O anúncio altera de forma direta o planejamento estratégico das tradings que atuam nos portos nacionais, removendo o temor de uma taxação de 25% sobre as vendas externas. Conforme os dados consolidados no relatório diário divulgado pela consultoria Datagro, o recuo de Washington introduz um viés baixista de curto prazo para as cotações internacionais da commodity nas bolsas de mercadorias.

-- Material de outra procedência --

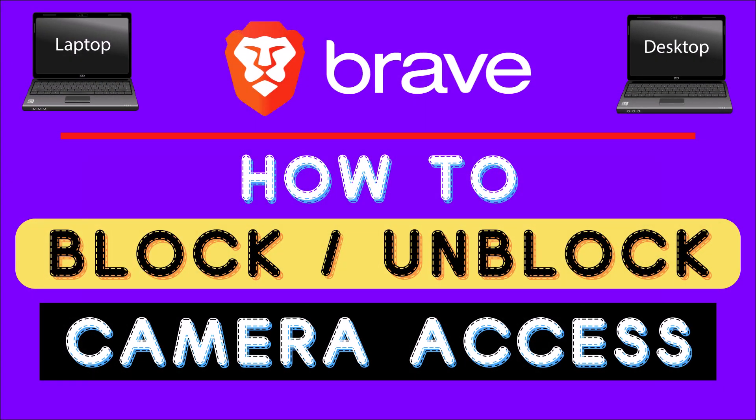This is going to be a video tutorial on how to block or unblock camera access in the Brave web browser. I will be using a desktop PC for this.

A inclusão do café solúvel não aromatizado na lista de isenções é apontada como um dos resultados mais expressivos obtidos pelas representações brasileiras. Esse segmento industrial específico vinha sendo alvo de intensos debates e questionamentos técnicos durante as audiências públicas promovidas pela representação de comércio americana no decorrer dos dias 6 e 7 de julho.
A decisão desonera um canal logístico importante e afasta os riscos de perda de competitividade das indústrias de refino no Hemisfério Norte. Com os portos abertos e livres do imposto adicional, os escritórios de corretagem ganham flexibilidade para fechar novos contratos de fornecimento, aproveitando as janelas de transporte marítimo sem sobressaltos tributários na costa americana.
A exclusão definitiva da taxa reflete o sucesso da coordenação de argumentos apresentados pelas lideranças do setor produtivo brasileiro. A Associação Brasileira da Indústria de Café Solúvel (Abics) e o Conselho dos Exportadores de Café do Brasil (Cecafé) indicam que a determinação do governo americano coloca sob salvaguarda um fluxo financeiro de extrema relevância para as cooperativas.
Faturamento protegido no mercado externo: Os relatórios das entidades de classe apontam que a isenção tarifária outorgada pelos Estados Unidos protege exportações consolidadas da ordem de US$ 2,0 bilhões a US$ 2,5 bilhões por ano.
Os Estados Unidos figuram tradicionalmente como o maior consumidor e importador mundial do café manufaturado em solo brasileiro. As redes de distribuição e indústrias americanas absorvem o produto para incorporação em blends comerciais, dependendo do ritmo regular de envios dos terminais portuários de Santos e do Rio de Janeiro para suprir a demanda de suas plantas industriais.
A desoneração aduaneira melhora a comercialização e o consumo do produto ao longo da safra 2026/2027, período que teve início oficial em julho. Ao remover um entrave regulatório que encareceria o produto nas gôndolas, o agronegócio nacional ganha estabilidade para escoar os lotes da colheita recente, assegurando o preenchimento dos contratos firmados para os próximos meses.
Apesar do ambiente favorável estabelecido pela resolução do USTR, as empresas exportadoras do país mantêm o monitoramento das políticas alfandegárias de Washington. Uma segunda investigação fundamentada nos parâmetros da Seção 301 segue em andamento nas agências reguladoras norte-americanas, exigindo atenção contínua das áreas jurídicas das corporações.
Este processo de auditoria paralelo possui potencial técnico para instituir uma tarifa adicional de 12,5% sobre o café brasileiro exportado aos Estados Unidos. O imposto complementar, caso seja aprovado, incidiria sobre o valor das compras desembarcadas, o que demandaria novos ajustes nas planilhas de precificação das tradings para evitar a perda de margens de lucro operacionais.
A equipe de análise da consultoria Datagro avalia que a postura recente adotada pelo USTR sinaliza uma abertura diplomática importante por parte do governo norte-americano. A desoneração total aplicada ao café solúvel funciona como um indicador positivo para o encerramento do segundo caso em curso, demonstrando a disposição de Washington em preservar o fluxo de abastecimento com o parceiro sul-americano.